=== INFORMATION GIVEN ===
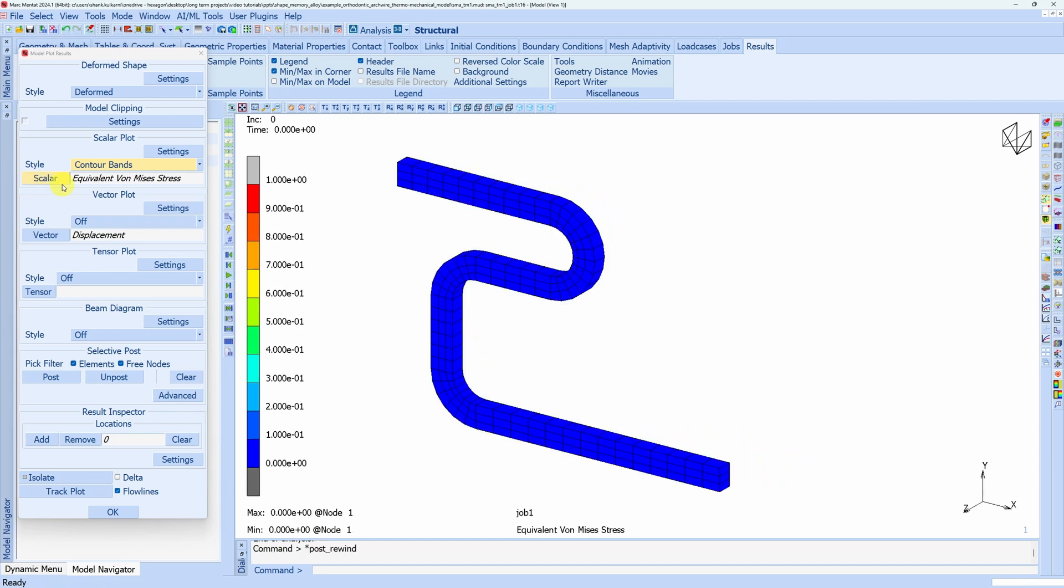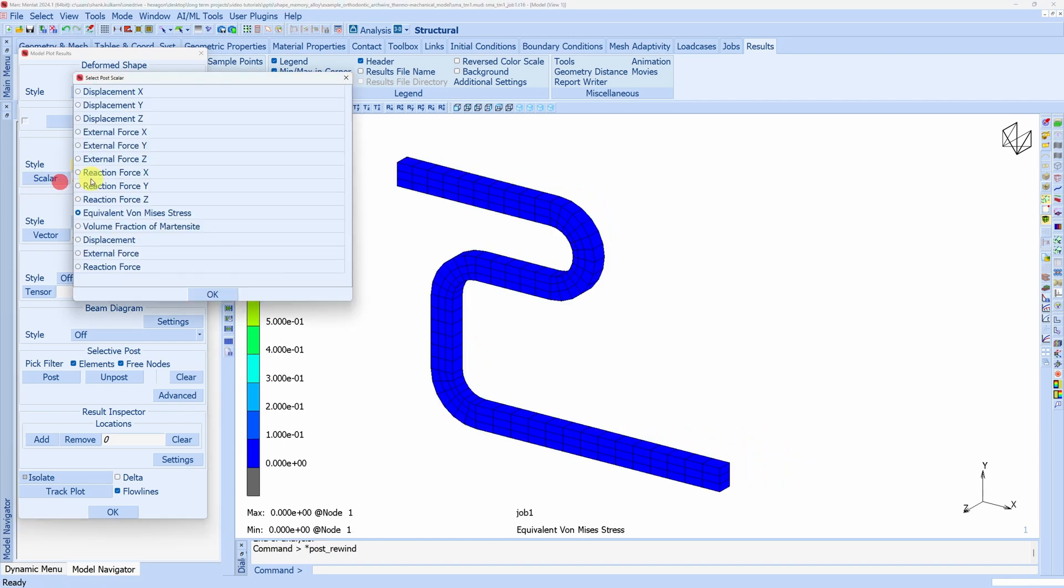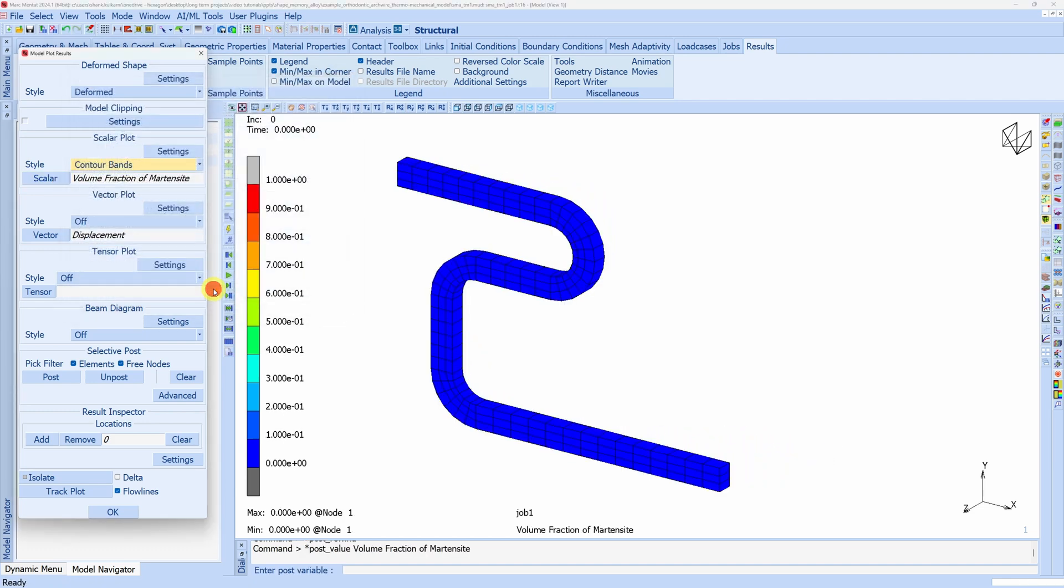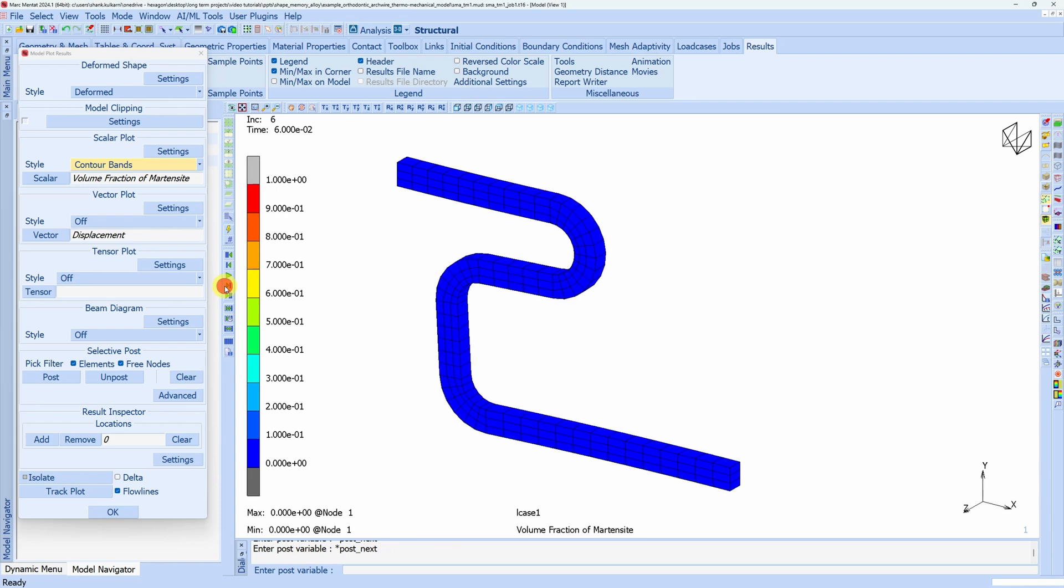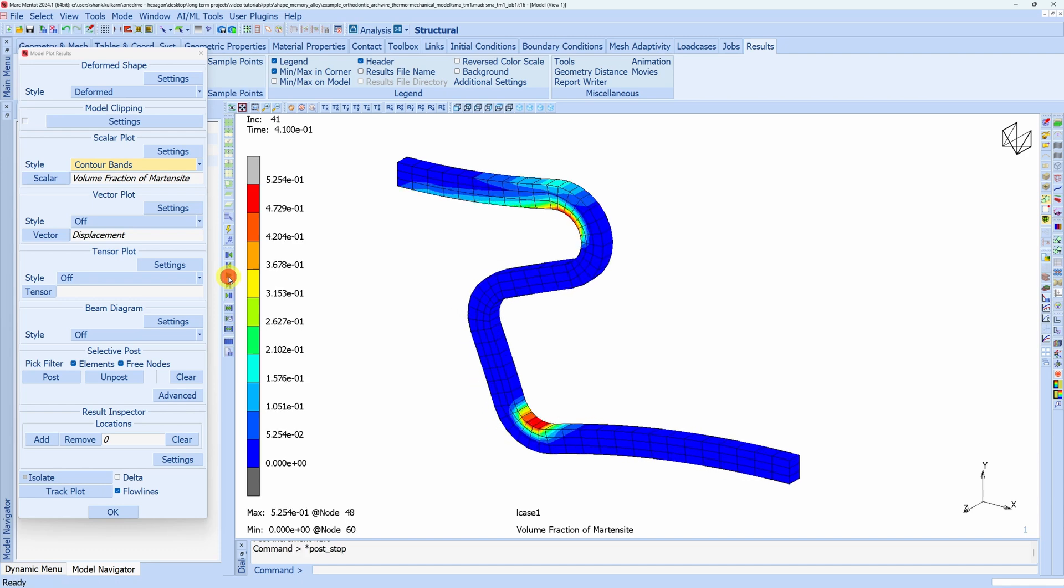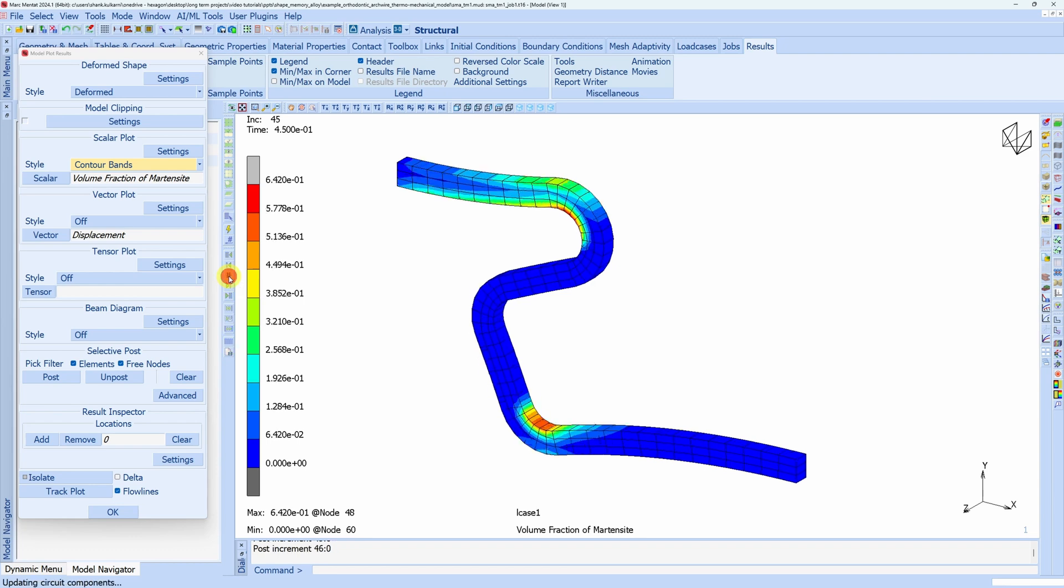If we see the martensite volume fraction, initially everything is austenite so martensite volume fraction is zero. But as stresses increase, you can see martensite forming over here in the highly stressed area. Let us go to 100.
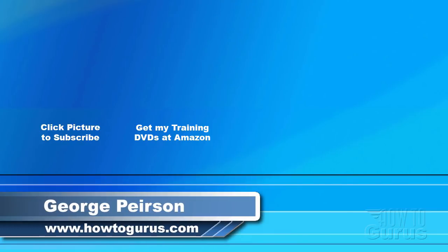Thank you for watching my video. I hope you found it useful. If you like this video, click on the like button below to let others know. You can click the subscribe button so you don't miss any of my videos in the future. I'm frequently uploading new training videos. Don't forget to check out my website at howtogurus.com.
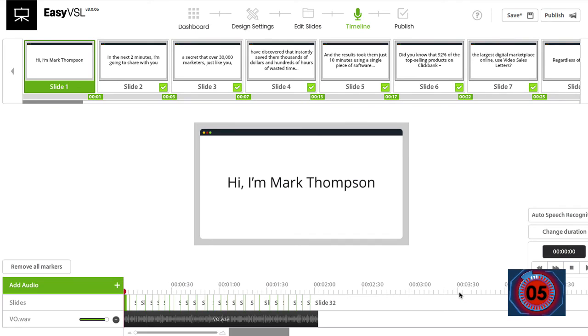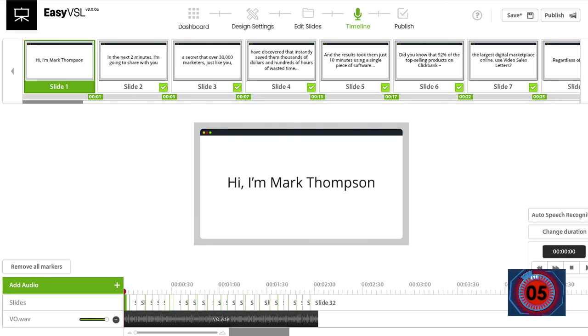Stop the clock and we have a full blown VSL that's ready to go in under one minute. And now I can publish the video and upload it to YouTube, Wistia, Vimeo, wherever you want to, right from within the application.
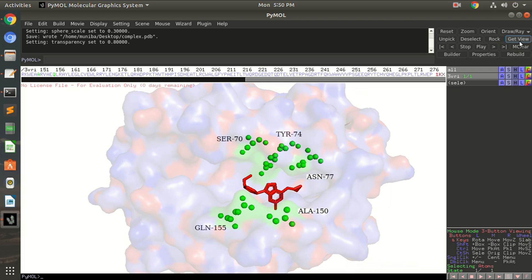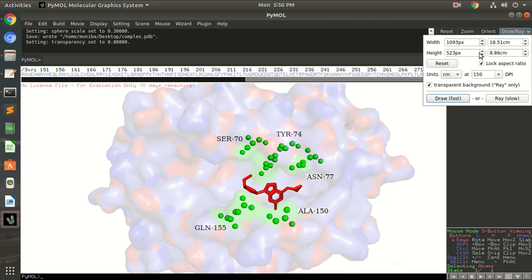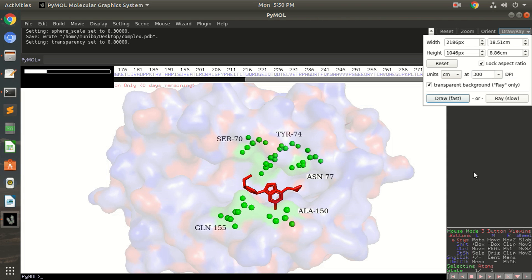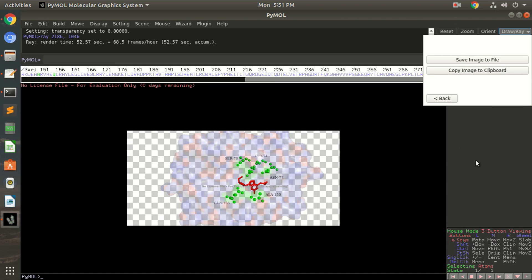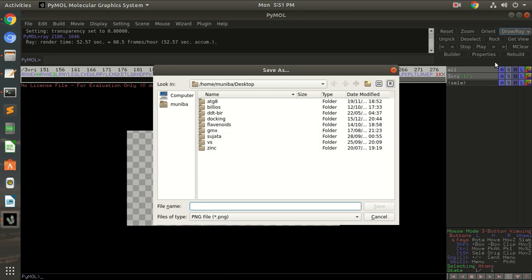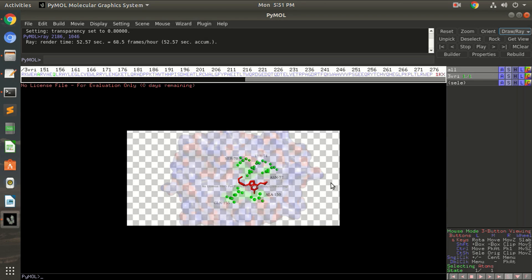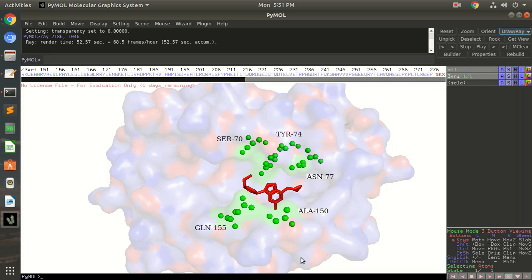Okay, and you can always save the picture in high quality. Always use ray at 300 dpi. You want to keep the transparent background then it's your wish. When you ray it, it will take a little while. Now save this image to file, image.png. Okay, now it's saved.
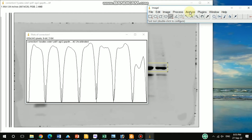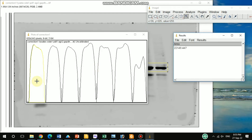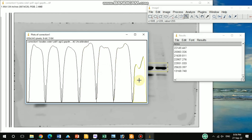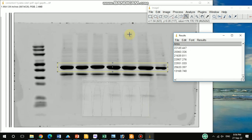Next, find the Wand tool and select it. When you select the wand tool, click inside each peak one by one. When you click, you will see a yellow color indicating that the peak intensity has been calculated. Repeat for each peak one by one, and you will get the intensity values. The area shown represents the intensity.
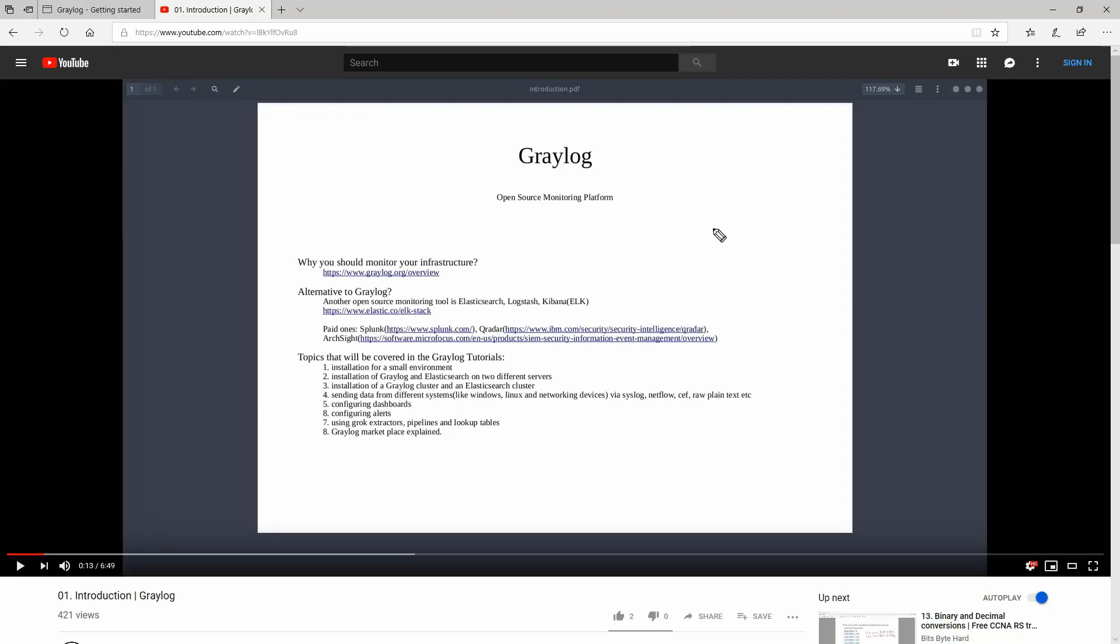When I did the first Graylog video which was about the introduction of it, I promised you that I'm gonna do quite a lot of tutorials for Graylog. So we have covered the installation for a small environment, then we did the installation of Graylog on two different servers - one Graylog and one Elasticsearch.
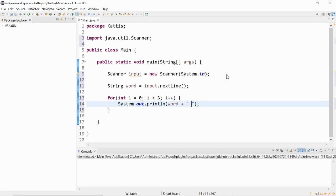So pretty much for this for loop, it starts from i is equal to zero until i is less than three, which will be given to us as i is equal to two. So from zero, one, two, it repeats a total of three times.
===
**YOUR GOAL**
Please repeat the entries exactly. Do not include the pictures.

**EXERCISE RESULT**
If we see the martensite volume fraction, initially everything is austenite so martensite volume fraction is zero. But as stresses increase, you can see martensite forming over here in the highly stressed area. Let us go to 100.
Thank you for watching my video. I hope you found it useful. If you like this video, click on the like button below to let others know. You can click the subscribe button so you don't miss any of my videos in the future. I'm frequently uploading new training videos. Don't forget to check out my website at howtogurus.com.
Stop the clock and we have a full blown VSL that's ready to go in under one minute. And now I can publish the video and upload it to YouTube, Wistia, Vimeo, wherever you want to, right from within the application.
Okay, and you can always save the picture in high quality. Always use ray at 300 dpi. You want to keep the transparent background then it's your wish. When you ray it, it will take a little while. Now save this image to file, image.png. Okay, now it's saved.
Next, find the Wand tool and select it. When you select the wand tool, click inside each peak one by one. When you click, you will see a yellow color indicating that the peak intensity has been calculated. Repeat for each peak one by one, and you will get the intensity values. The area shown represents the intensity.
When I did the first Graylog video which was about the introduction of it, I promised you that I'm gonna do quite a lot of tutorials for Graylog. So we have covered the installation for a small environment, then we did the installation of Graylog on two different servers - one Graylog and one Elasticsearch.
So pretty much for this for loop, it starts from i is equal to zero until i is less than three, which will be given to us as i is equal to two. So from zero, one, two, it repeats a total of three times.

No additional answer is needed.